Indiscutível que a postura adotada
pela banca organizadora na seleção para mestrado e doutorado no Programa de
Pós-graduação de Direito e Sociologia da Universidade Federal Fluminense trouxe
nefastas consequências aos candidatos que participaram do certame, não apenas
aos não cotistas, mas também aos que participaram na qualidade de cotista, como
o próprio autor da presente demanda. Como esplendorosamente pontuou o i.
magistrado na decisão liminar “O limite de tratamento desigual entre cotistas e
não cotistas é a lei, não podendo o administrador ir além, ainda que movido
pelos melhores sentimentos e propósitos. Mas aqui, repito, o caso é mais grave,
pois trata DESIGUALMENTE candidatos cotistas, os quais entre si têm direito ao
tratamento isonômico”.
A Constituição Federal, em seu
art. 37, caput, estabelece os princípios norteadores da Administração Pública,
dentre os quais encontra-se a legalidade, impessoalidade e moralidade, todos
violados com a conduta praticada pela autarquia federal.
É verdade que à Administração
Pública é dado o poder para estabelecer as regras dos certames públicos.
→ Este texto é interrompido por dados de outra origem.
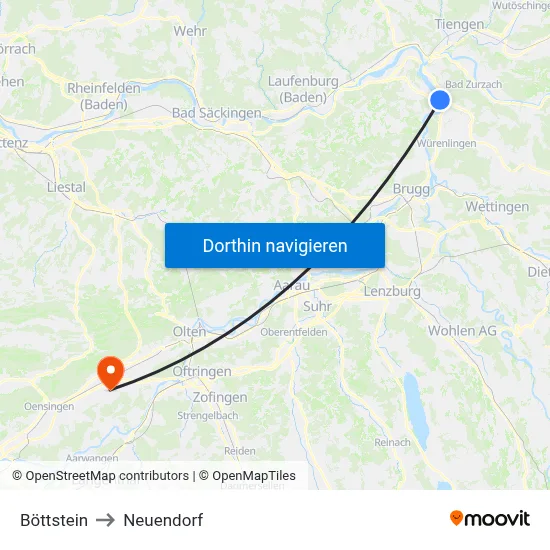 Böttstein to Neuendorf map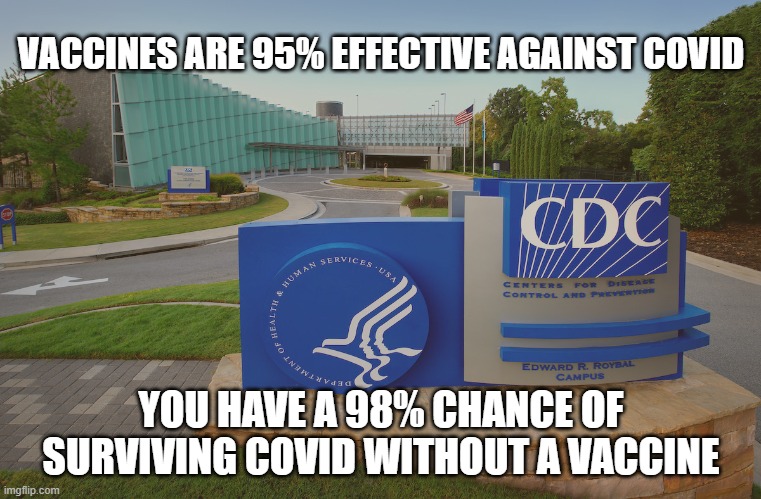 Covid 19 Vaccine |  VACCINES ARE 95% EFFECTIVE AGAINST COVID; YOU HAVE A 98% CHANCE OF SURVIVING COVID WITHOUT A VACCINE | image tagged in covid19,vaccines,cdc,disease,lockdown,masks | made w/ Imgflip meme maker
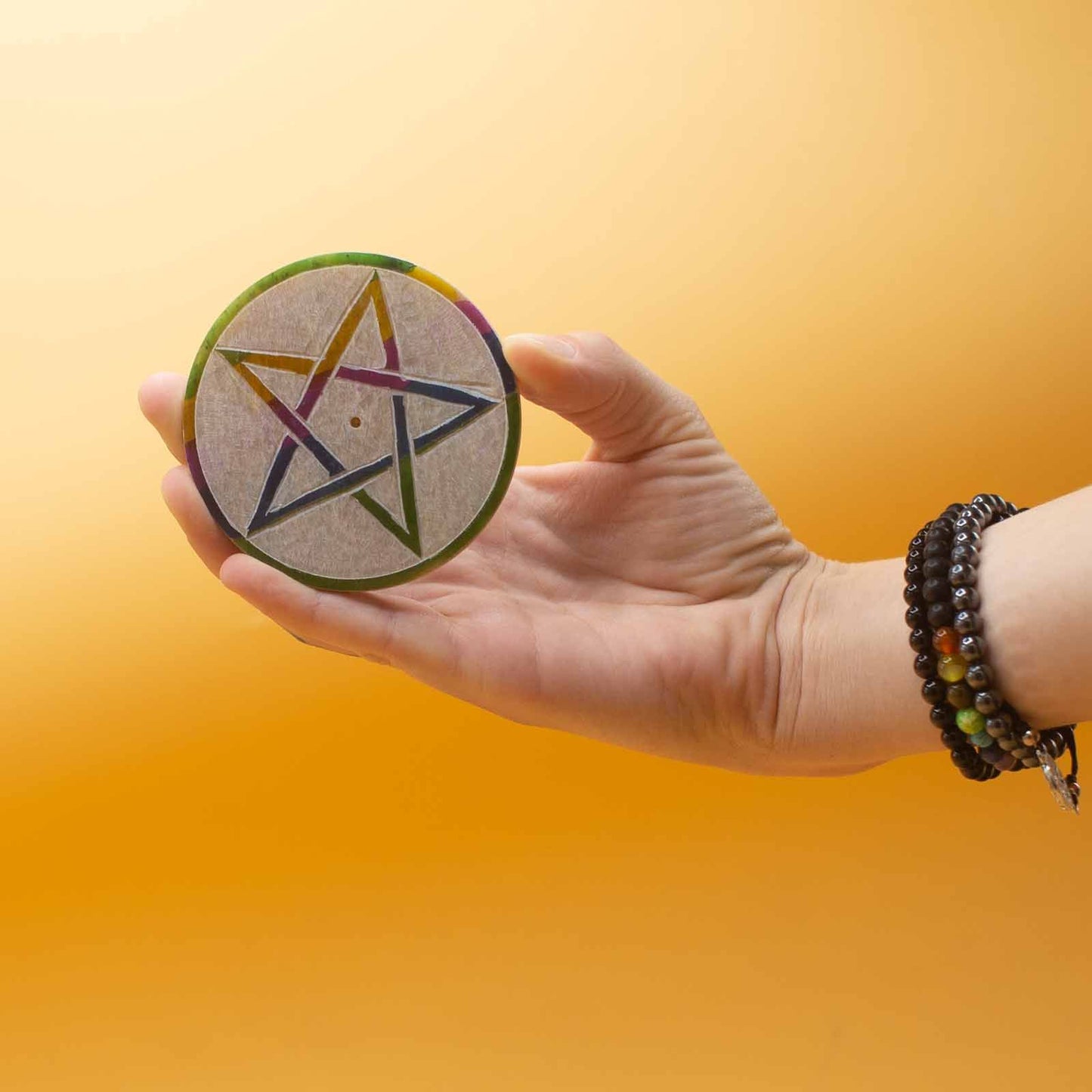 Pentagramm-Räucherscheibe aus Speckstein – 8 cm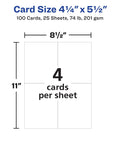 Avery printable postcards layout: four 4¼ x 5½ inch cards per 8½ x 11 inch sheet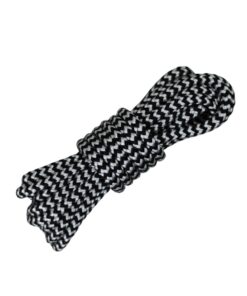 Corda Náutica de Polipropileno 8mm (50 metros) - Cor: Preto Mesclado com Branco (zig-zag)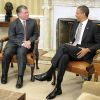 Le roi Abdullah II de Jordanie rencontrait Barack Obama à la Maison Blanche le 17 janvier 2012 tandis que son épouse la reine Rania participait à un déjeuner philanthropique, également à Washington.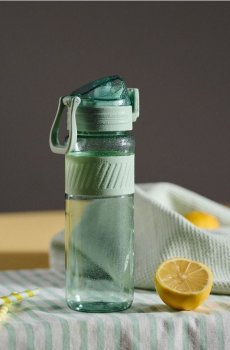 Пляшка для води з мірною шкалою та ручкою - бірюзовий
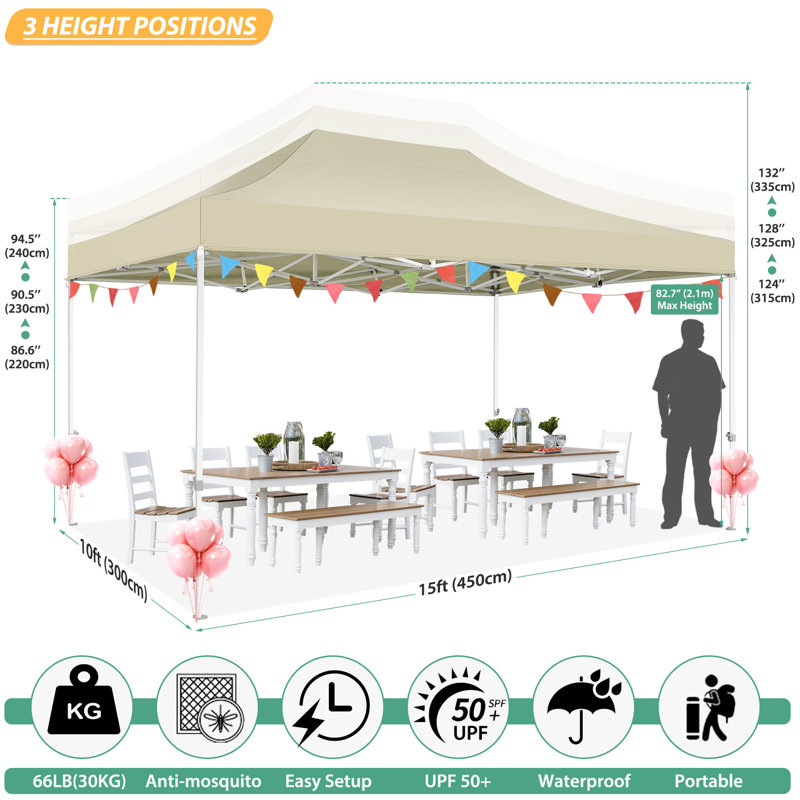 15 pi L 10 pi x Pavillon de jardin avec moustiquaire, Kaki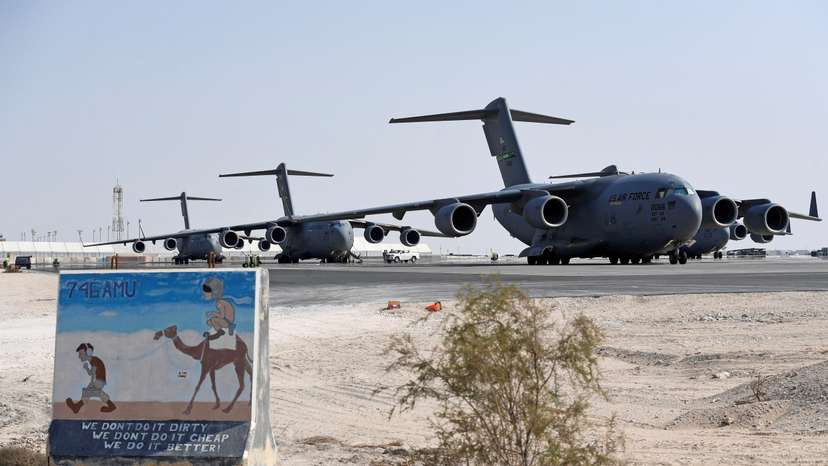 FILE PHOTO: General view of U.S. Air Force C-17 Globemaster aircrafts at al-Udeid Air Base in Doha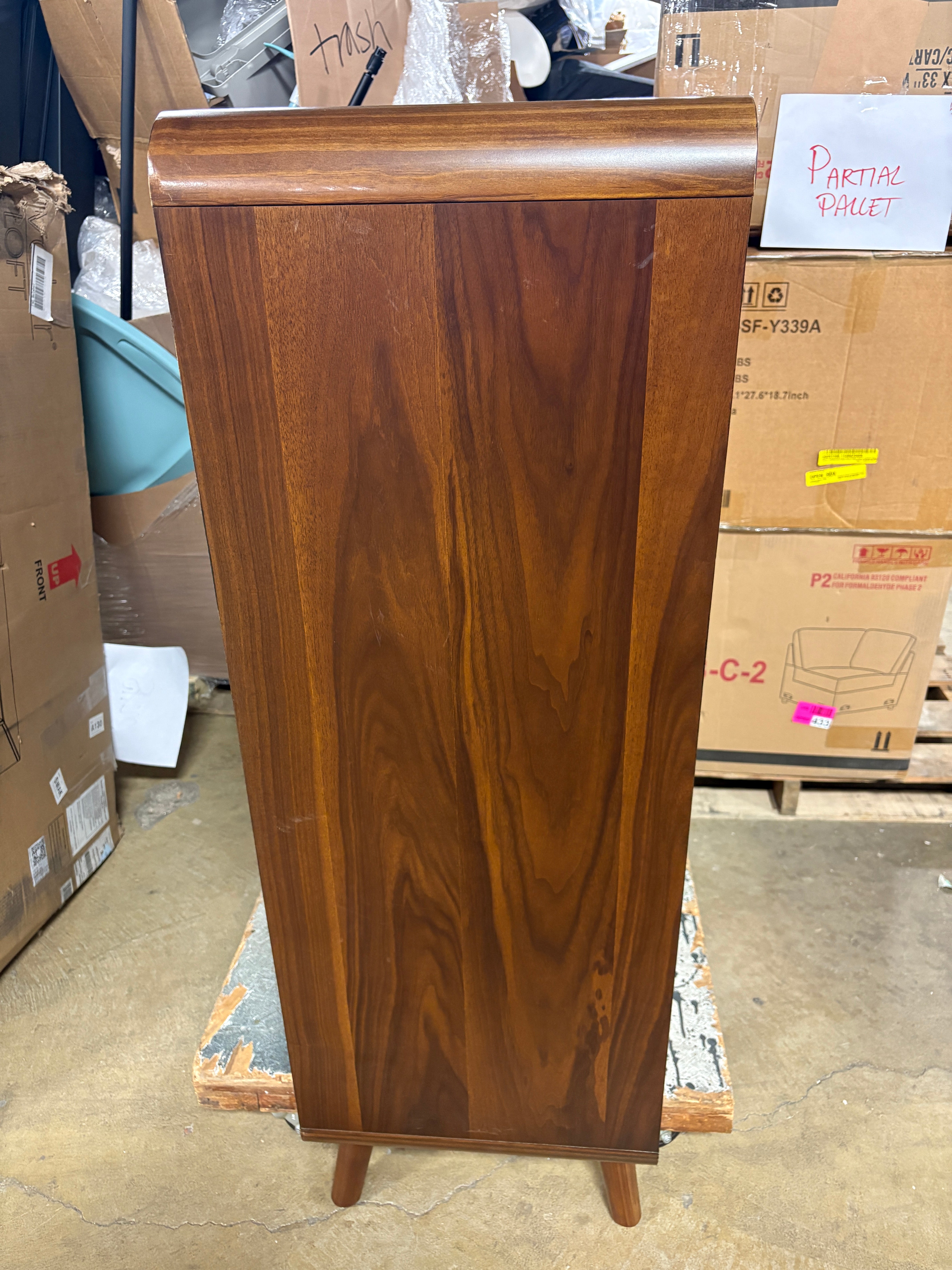 Aleksiejus 5 Drawer 35.35'' W Chest in Dark Walnut SHOWROOM ITEM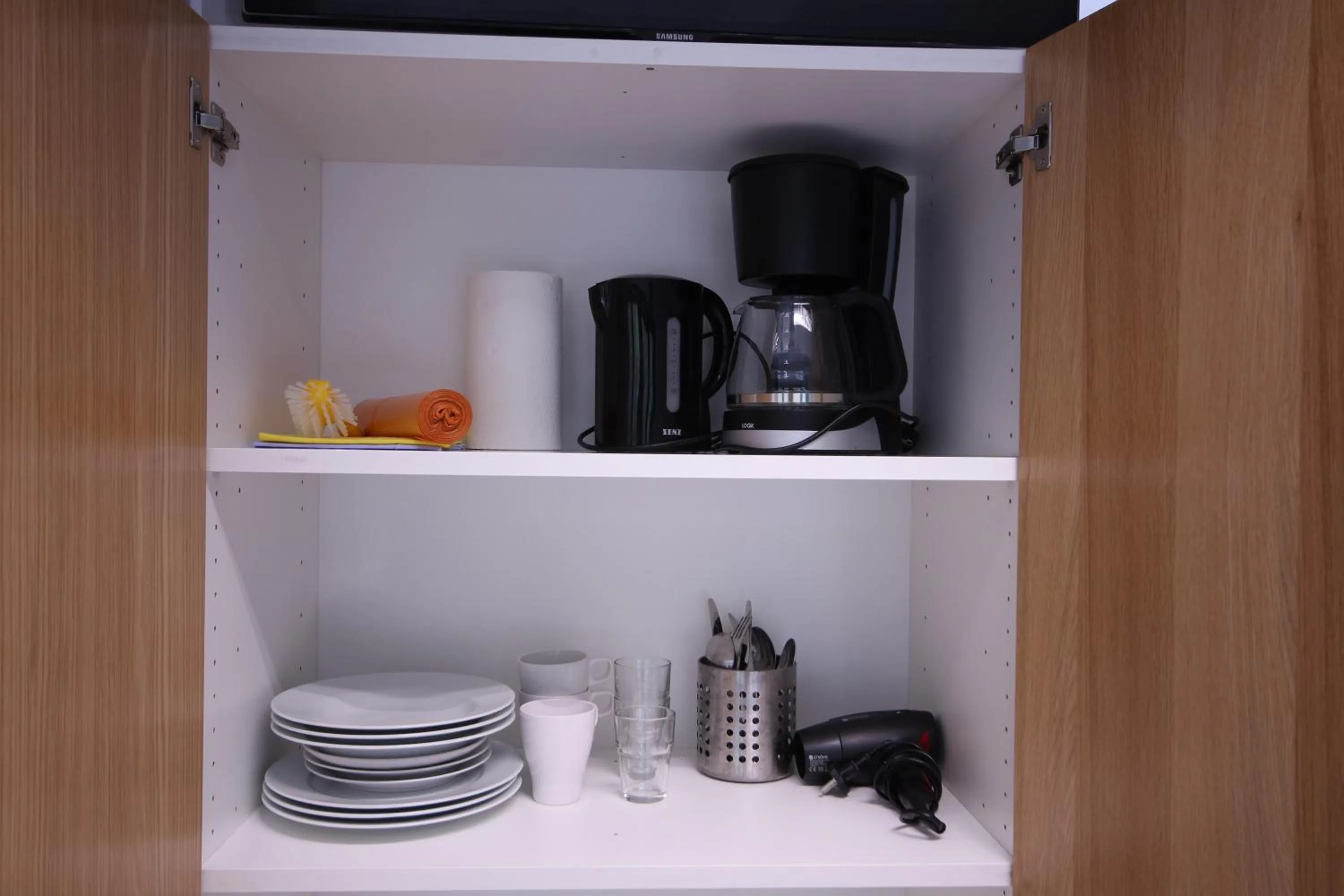 Kitchen or kitchenette in Forenom Hostel Espoo Kilo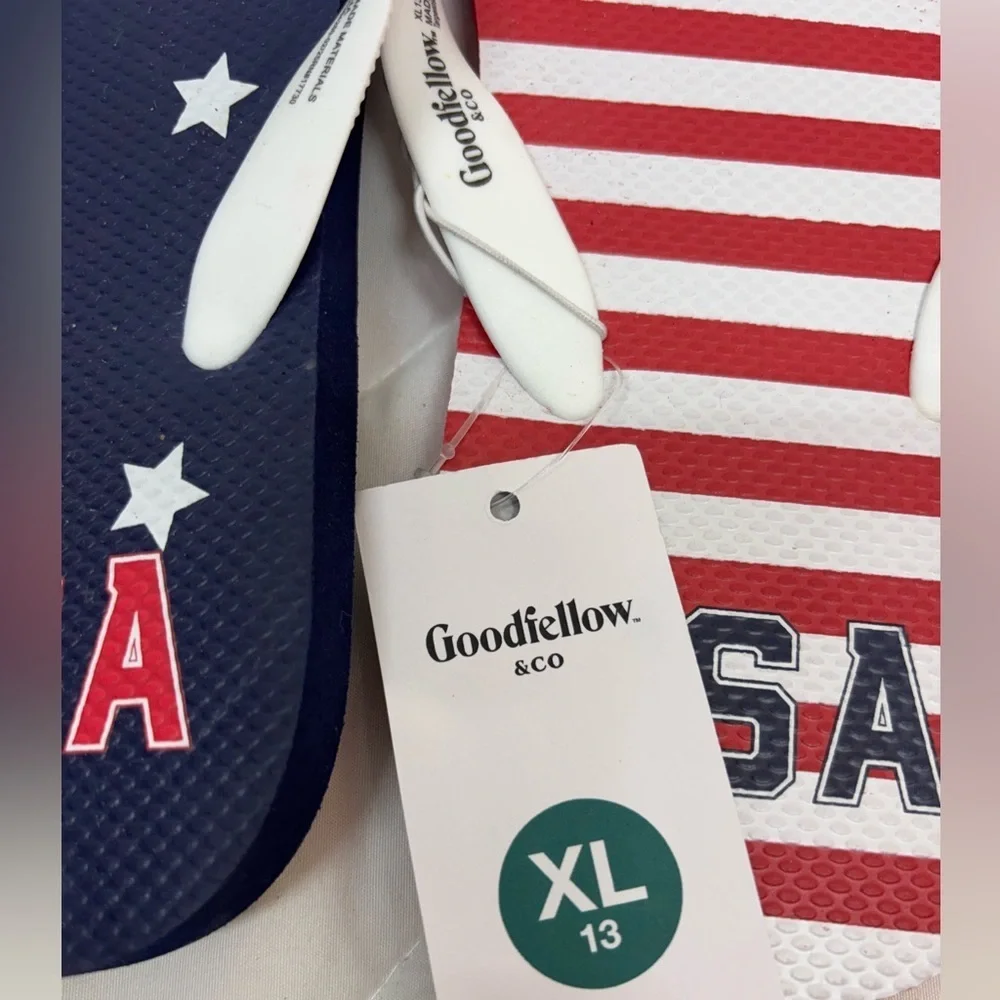 NWT Goodfellow & Co Red, White, and Blue Flip Flops USA American Shoes XL (13)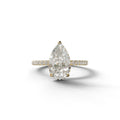 2 Carat E-VVS Pear Cut Hidden Halo & Pave Lab Diamond Ring - 10K Solid Gold / Yellow Gold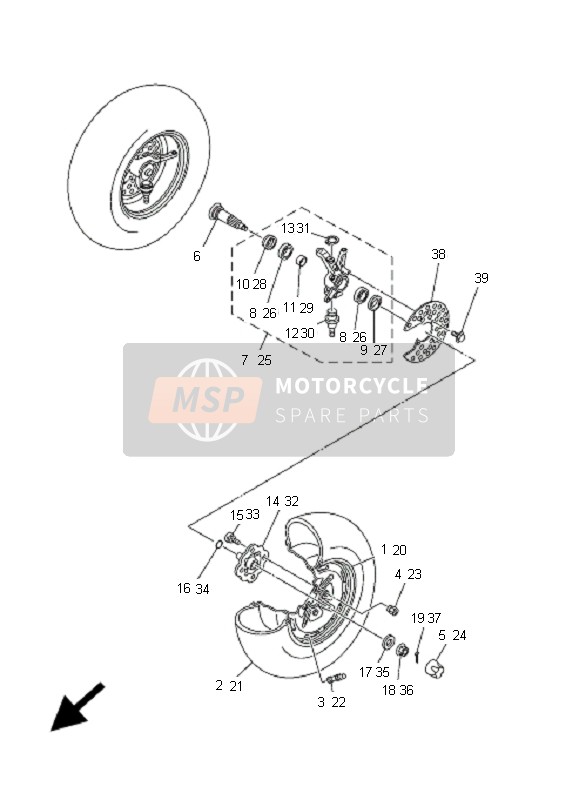 Yamaha YFM350 GRIZZLY 2x4 2009 Front Wheel for a 2009 Yamaha YFM350 GRIZZLY 2x4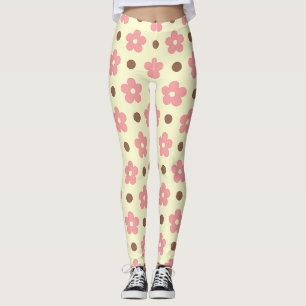Leggings Douce Florale Rose et Motif à Points Marron Rétro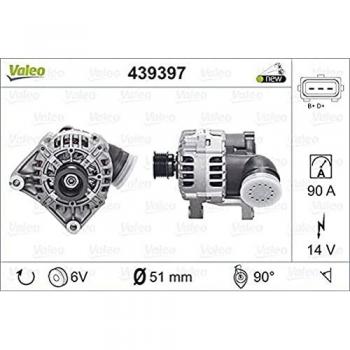 Alternador Valeo 439397 - Intensidad de carga del alternador: 90 Amp, Estrías: 6 estrías, Polea de correa: 51 mm, Tensión: 14 V, Sentido de rotación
Contudo, inconteste que o poder discricionário da Administração Pública
encontra limites legais e principiológicos.
Seguindo essa linha de
raciocínio, é de fácil constatação que o ato administrativo praticado pela ré
encontra-se em flagrante descompasso com o princípio da isonomia e moralidade,
porquanto extrapola o âmbito de atuação da Administração Pública e o exercício
do poder discricionário. A determinação constante no edital afastando, pura e
simplesmente, a aplicação de nota de corte, na fase eliminatória, daqueles que
se autodeclararam afrodescendentes não encontra razoabilidade e tem caráter
discriminatório injustificado, adentrando na esfera da arbitrariedade.
Em hipóteses tais, por
menosprezar o dever de observância da juridicidade (legalidade com equidade e
enfoque tipicamente constitucional), a Administração Pública viabiliza a
análise do ato administrativo pelo Poder Judiciário, pois inexistente adequado
e legítimo exercício da discricionariedade. A bem da verdade, o Poder Judiciário
restabelece, nesses casos, a legalidade, exigindo a observância dos princípios
da isonomia e moralidade administrativa.
Ante o exposto, opina o
Ministério Público Federal pela PROCEDÊNCIA DO PEDIDO, restando prejudicado o
pedido sucessivo requestado pelo autor.